Build a RAG application using Zilliz Cloud on Arm servers: Online RAG

Build a RAG application using Zilliz Cloud on Arm servers

Log an issue

Fork and edit

Discuss on Discord

Build a RAG application using Zilliz Cloud on Arm servers

Prepare the Embedding Model

In your Python script, generate a test embedding and print its dimension and the first few elements.

For the LLM, you will use the OpenAI SDK to request the Llama service that you launched previously. You do not need to use an API key because it is running locally on your machine.

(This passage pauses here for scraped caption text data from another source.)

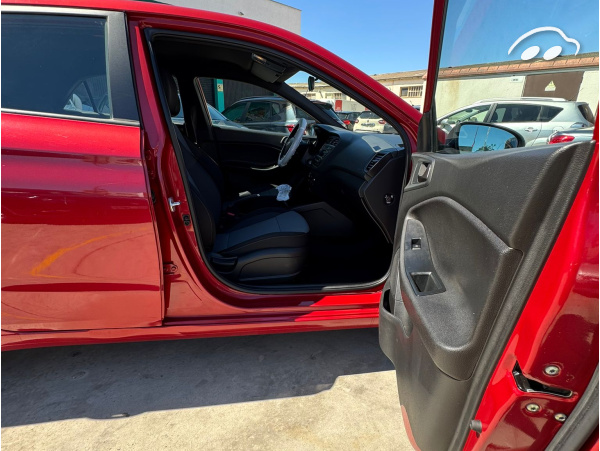 Hyundai i20 1.2 GO 8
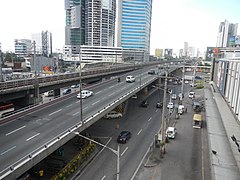 EDSA di mana ia merentasi Jalan Raya Quezon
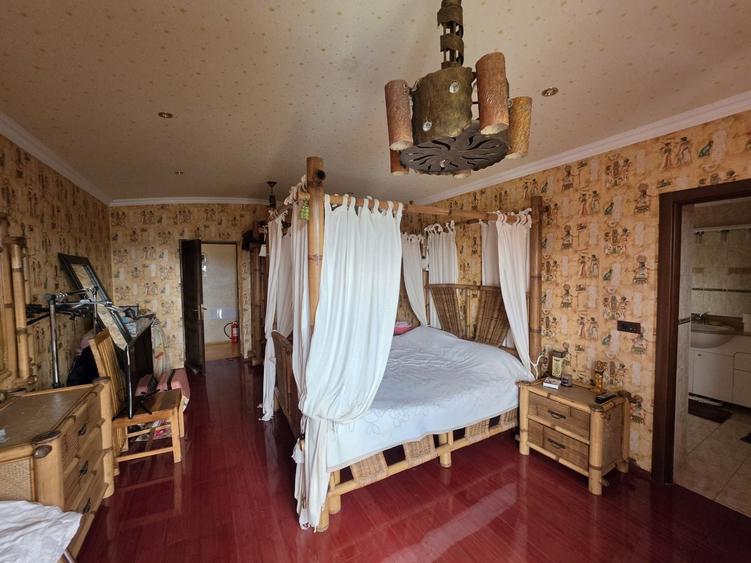 Casă individuală cu 9 camere cu Piscina în Cornu de Jos (Cornu)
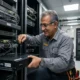 تفاوت UPS تاور و رکمونت (Tower vs Rackmount)؛ بررسی تخصصی، مزایای نصب در رک شبکه و راهنمای انتخاب برق اضطراری صنعتی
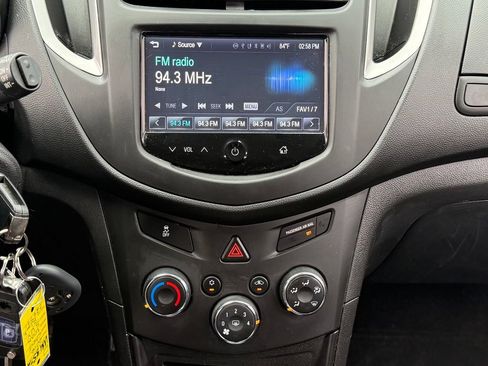 Used 2016 Chevrolet Trax LS w/ LPO, Protection Package FWD image 21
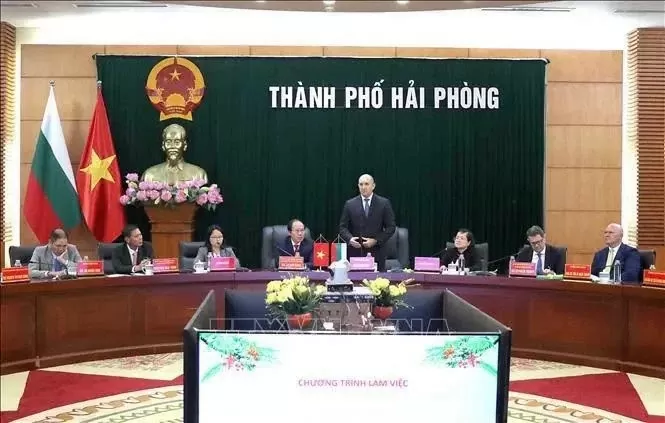 Bulgarian President Rumen Radev visits northern Hai Phong port city Bulgarian President Rumen Radev visits northern Hai Phong port city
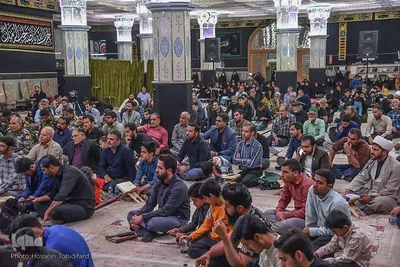 محفل انس با قرآن با تلاوت قاری بین‌المللی در بیرجند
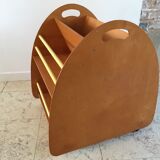 Library on vintage wheels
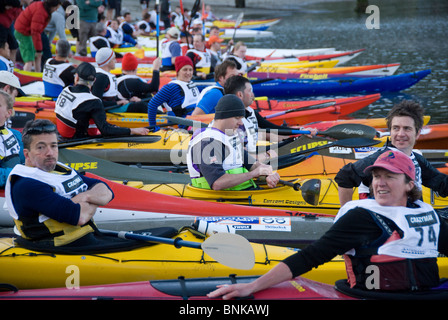 Inizio della gara Kayak, Giorni Bay, Eastbourne, Wellington, Isola del nord, Nuova Zelanda Foto Stock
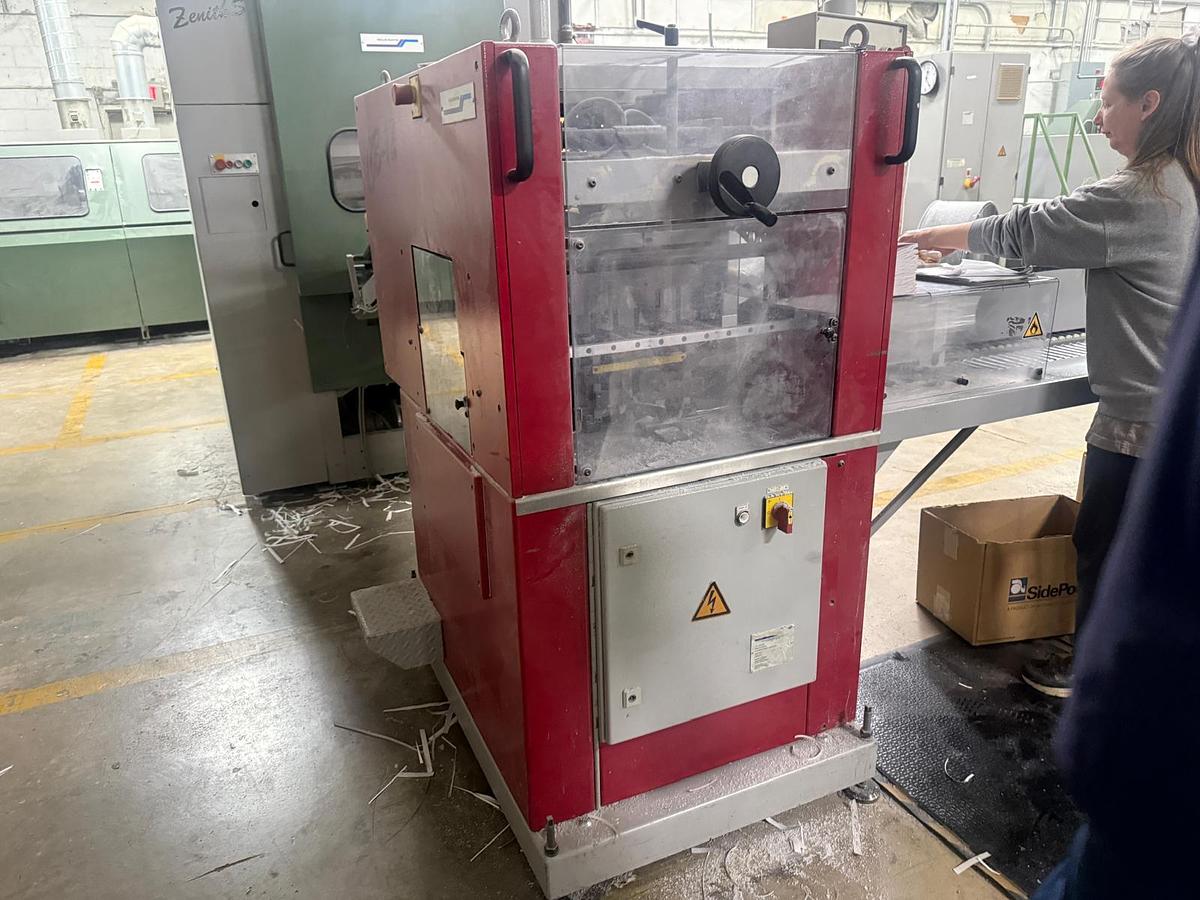 Used 2001 Muller Martini Corona C18 Perfect Binder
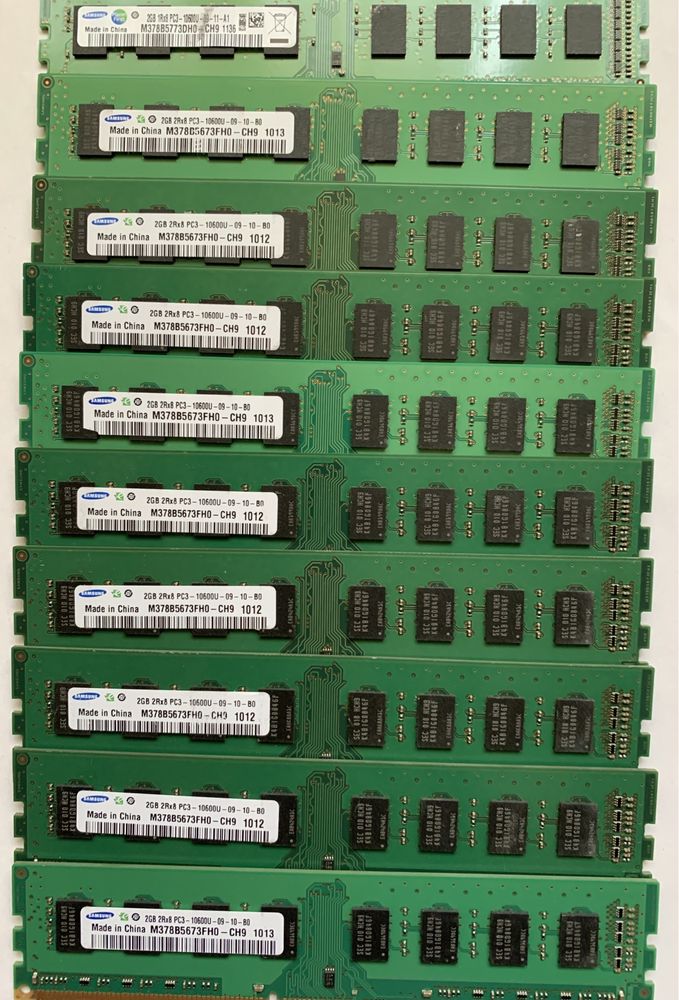 Оперативна пам'ять  для ноутбука ddr3x2Gb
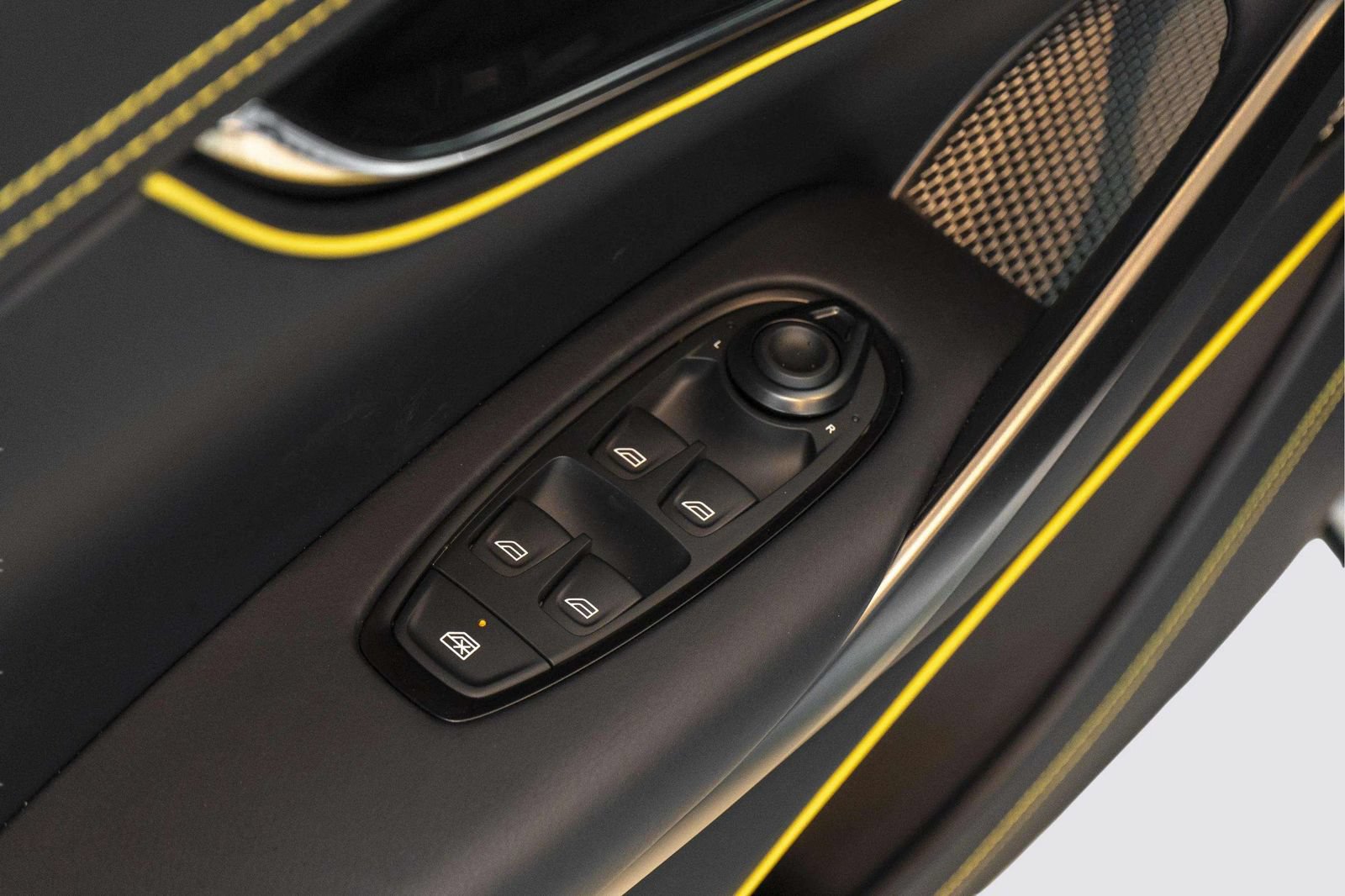 New 2026 Aston Martin DBX S AWD/4WD image 27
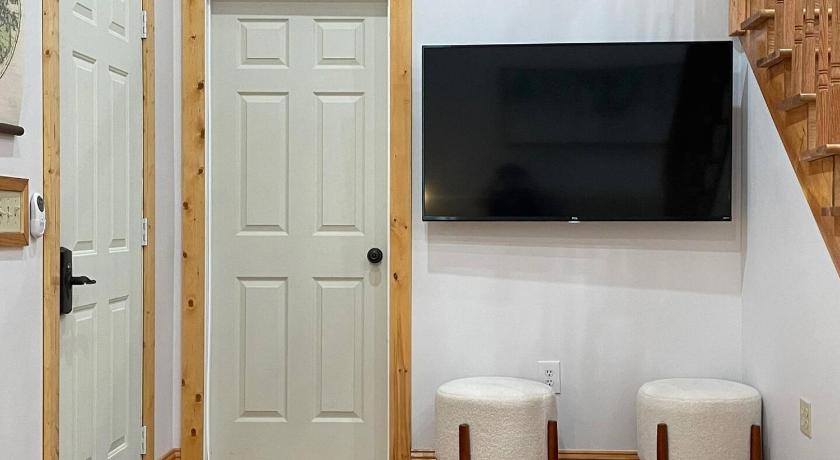 맥민빌 (TN) Light And Bright Cabin Close To Pates Ford Marina 4성급 숙소 레스토랑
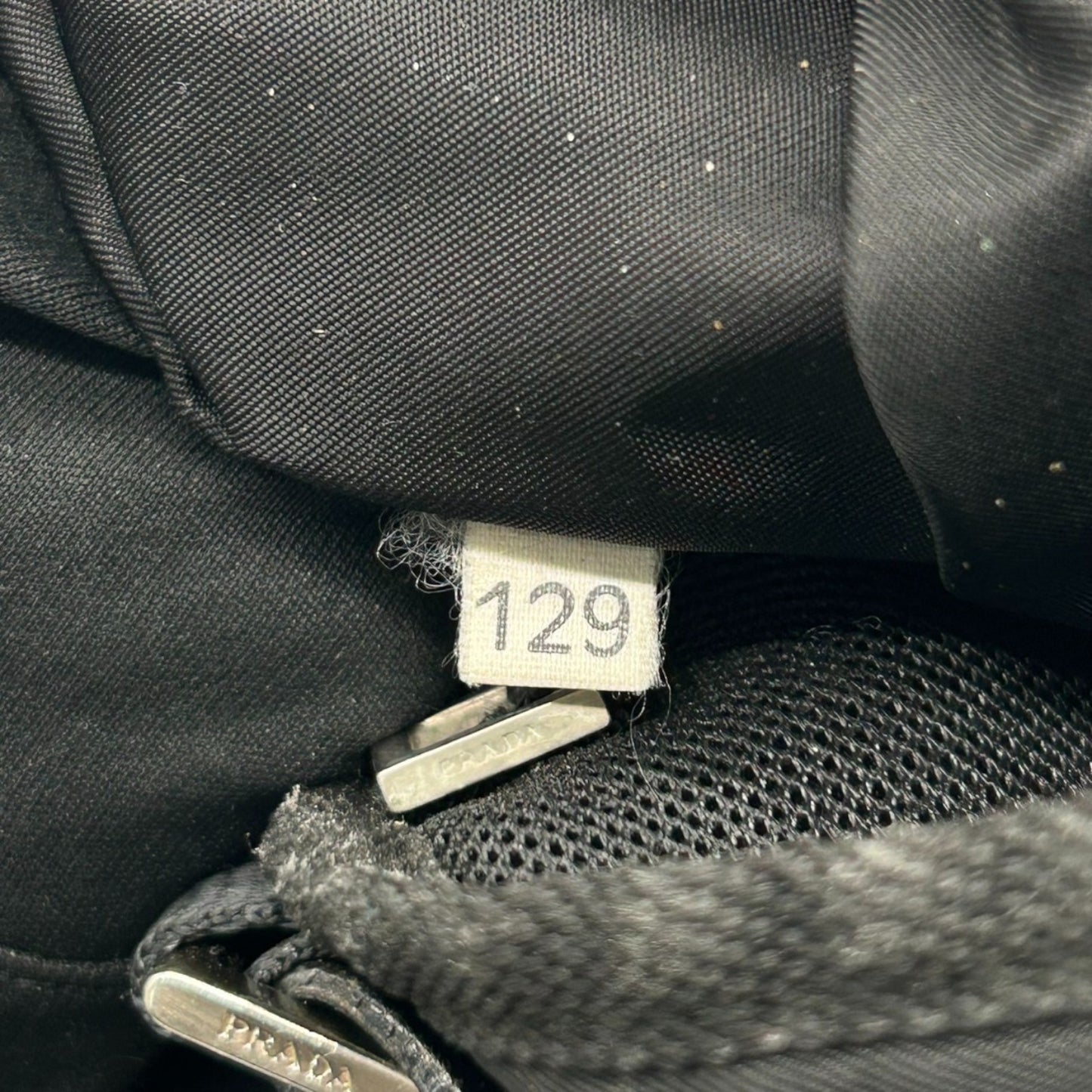 プラダ PRADA トートバッグ ハンドバッグ ナイロン テスート ブラック 黒 ロゴ A4収納可 ビジネス 通勤 通学 レディース メンズ ユニセックス 定番人気モデル 軽量 肩掛け ワンショルダー 三角ロゴプレート s32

Append the code below to zilliz-llm-rag.py:

    

        
        
test_embedding = embedding_model.embed_query("This is a test")
embedding_dim = len(test_embedding)
print(embedding_dim)
print(test_embedding[:10])

Run the script. The output should look like:

    

        
        384
[0.03061249852180481, 0.013831384479999542, -0.02084377221763134, 0.016327863559126854, -0.010231520049273968, -0.0479842908680439, -0.017313342541456223, 0.03728749603033066, 0.04588735103607178, 0.034405000507831573]

Retrieve data for a query

Now specify a common question about Milvus, and search for the question in the collection, in order to retrieve the top 3 semantic matches.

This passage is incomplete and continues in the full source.